During a partition that isolates 2 nodes from 3 nodes, only the 3 node side can form a majority and continue operating. The isolated 2 nodes refuse writes and return errors. Clients hitting those nodes see reduced availability, but the system never creates conflicting data.
The latency cost is real. If inter region Round Trip Time (RTT) is 50ms, and you need 2 follower acknowledgments, each write takes at least 50ms to 100ms plus disk and processing time. Within a region where RTT is 1ms to 2ms, writes might cost 5ms to 10ms at p99.
AP Systems: Choosing Availability
AP systems use leaderless replication with tunable consistency, similar to Dynamo or Cassandra.
Data replicates to N nodes (commonly 3). Each operation contacts some subset. You configure write consistency W and read consistency R. Setting W equals 1 and R equals 1 gives maximum availability: writes return after just one node acknowledges (typically 1ms to 2ms), and reads return from whichever replica responds first.
During partitions, all nodes continue accepting requests locally. If 1 availability zone loses contact with 2 others, clients in the isolated zone still get sub 10ms responses. The tradeoff is temporary inconsistency: writes in the isolated zone won't immediately appear in the other zones. Systems reconcile later using anti entropy repair and version vectors.
⚠️ Common Misconception: CAP applies during partitions. When the network is healthy, many systems provide both strong consistency AND high availability. The choice only matters when failures occur.
Google Spanner, for example, achieves 99.999% availability while maintaining strong consistency by adding 5ms to 10ms latency for consensus within a region.💡 Key Takeaways
✓CP systems use majority quorum: in 5 node cluster, 3 must agree. Isolated minority (2 nodes) refuses writes to prevent conflicts.
✓CP write latency within region is 5ms to 10ms at p99 for consensus. Cross region adds 50ms to 150ms RTT overhead.
✓AP systems with W equals 1, R equals 1 provide 1ms to 2ms write latency and continue working even when most replicas are unreachable.

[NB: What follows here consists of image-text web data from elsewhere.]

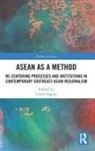 Ceren Ergenc, Ceren (Xi''''an Jiaotong-Liverpool Univers Ergenc, Ceren Ergenc, Ceren (Xi'an Jiaotong-Liverpool University Ergenc, Ceren Ergenç - Asean As a Method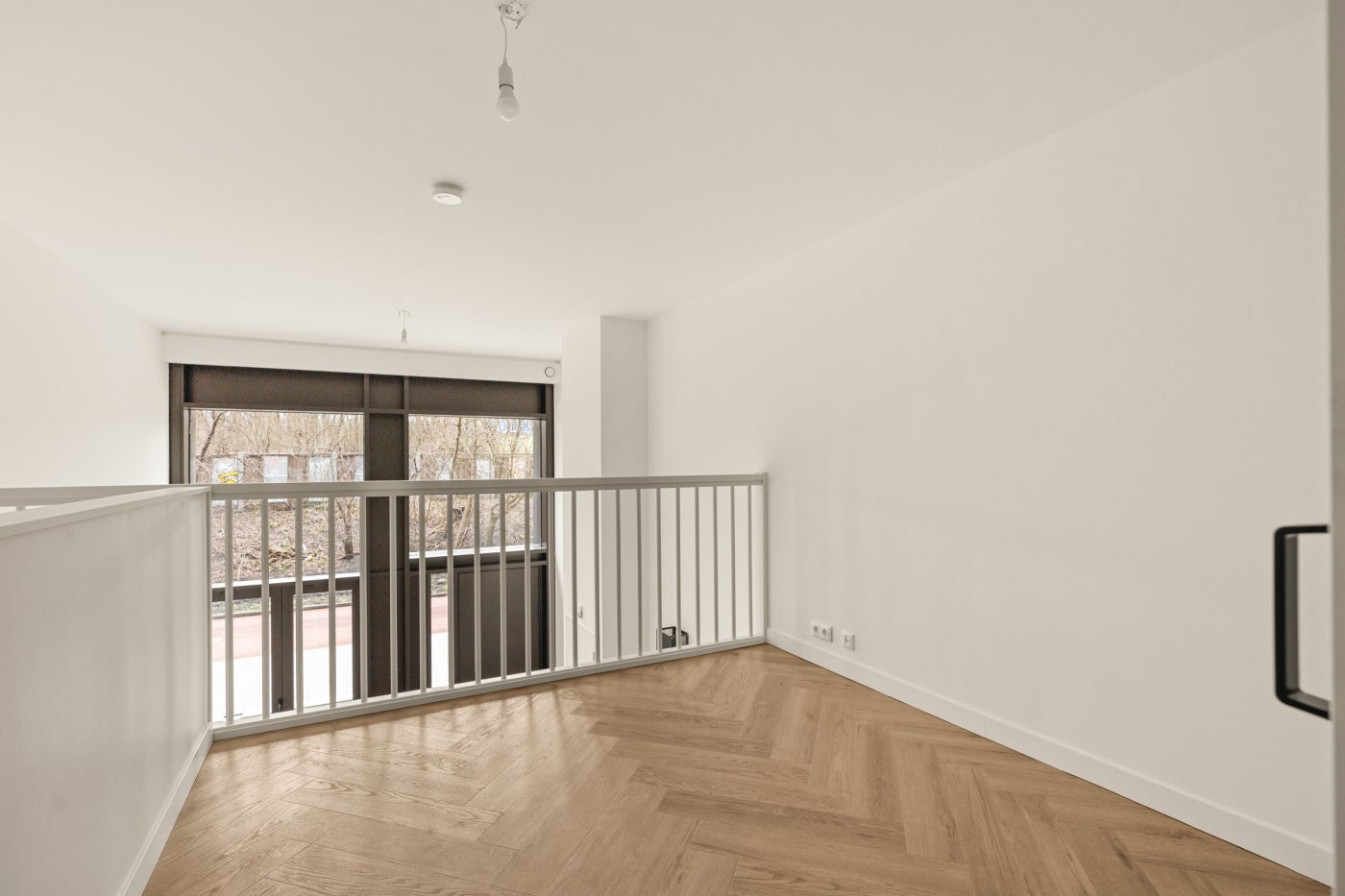 Appartement Rozenoordpad 17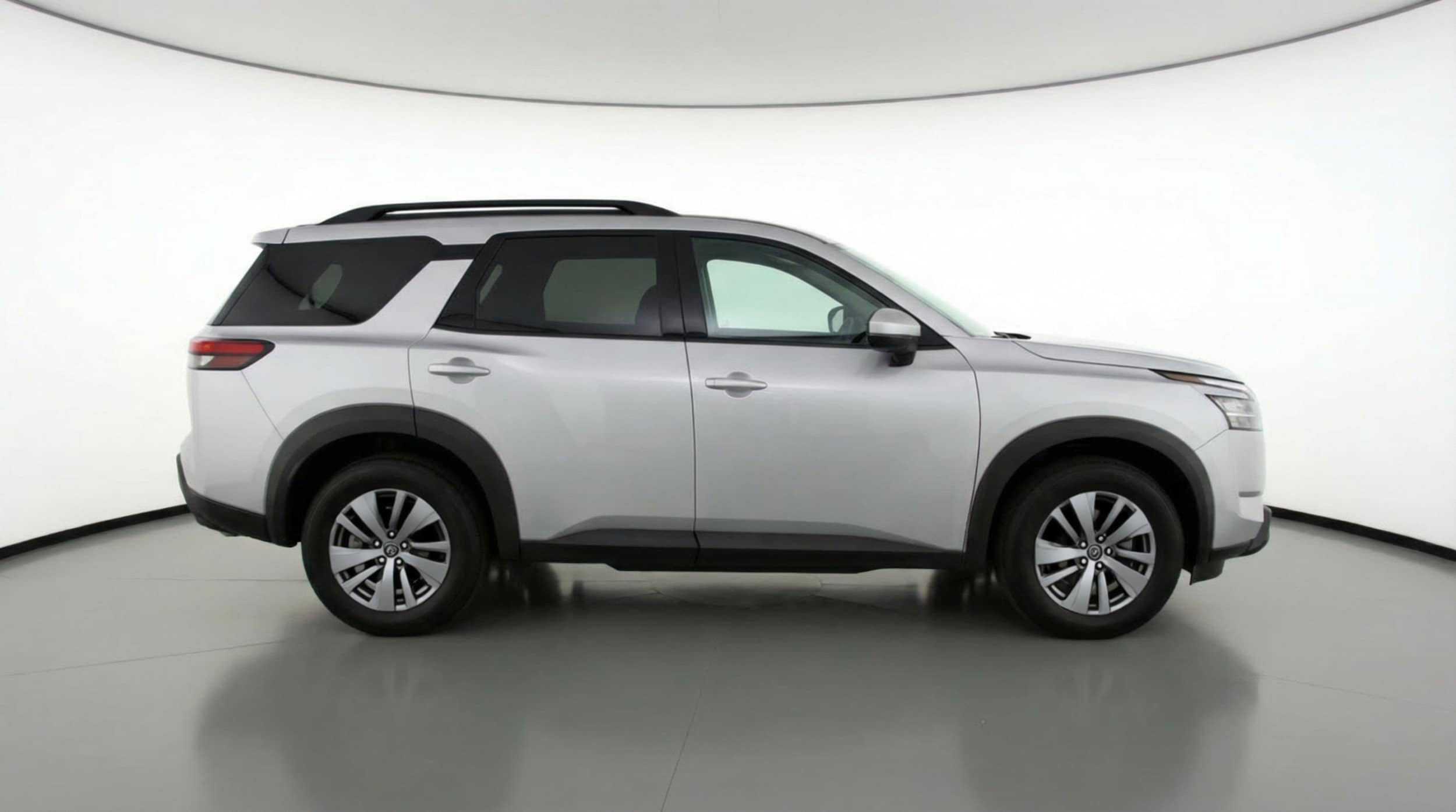Thumbnail: 2025 Nissan Pathfinder - 8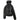 Men's Hybridge Lite Down Jacket Black Size S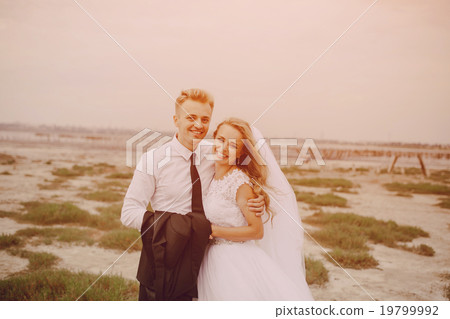 wedding day in odessa 19799992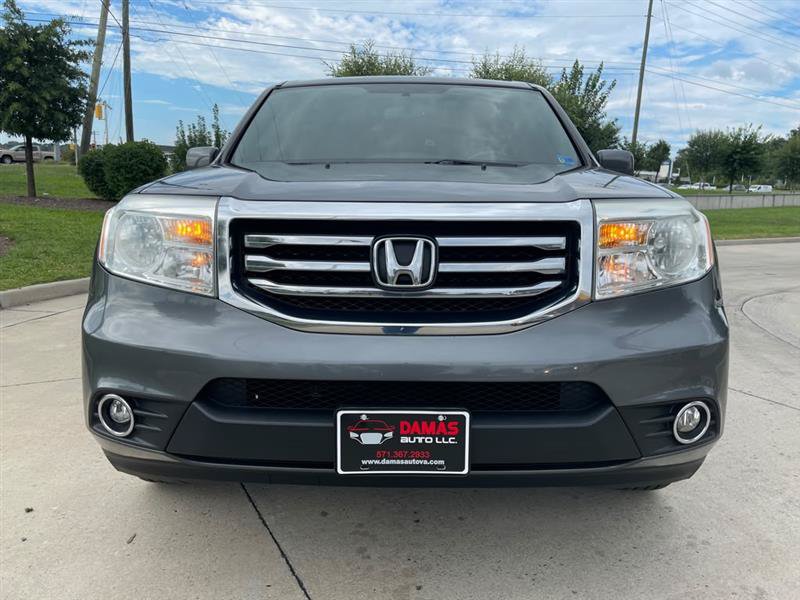 Used 2013 Honda Pilot EX-L image 3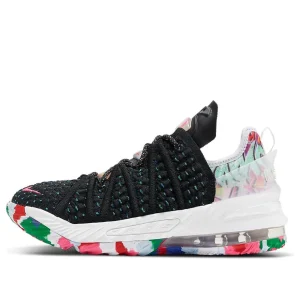 (GS) Nike LeBron 18 'James Gang' CW2760-002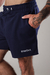 shorts moletom masculino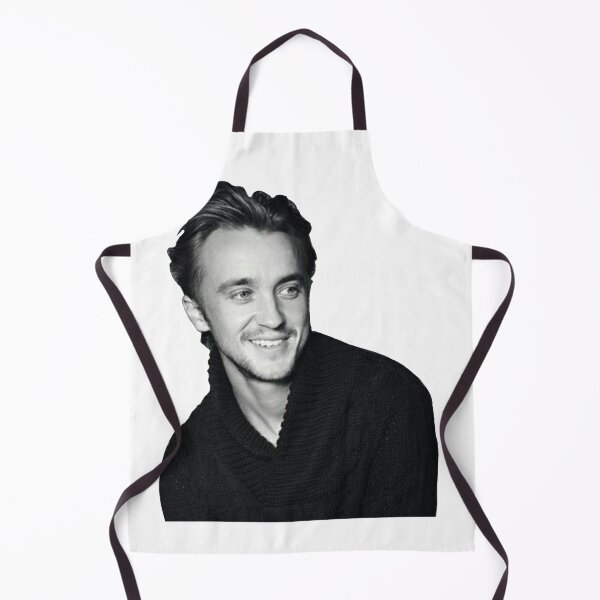 Item preview, Tom Felton designed and sold by WorldWandered.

✓AP systems reconcile conflicts after partitions heal using anti entropy, hinted handoff, and version vectors or last write wins.
📌 Examples
1MongoDB replica set (CP): 3 node cluster needs 2 nodes for writes. If 1 node is partitioned, cluster continues. If 2 nodes are partitioned, writes fail until majority is restored.
2Cassandra with W=1, R=1 (AP): Write to shopping cart returns in 2ms from nearest node. During partition, isolated nodes accept writes locally. After healing, system merges cart items using version vectors.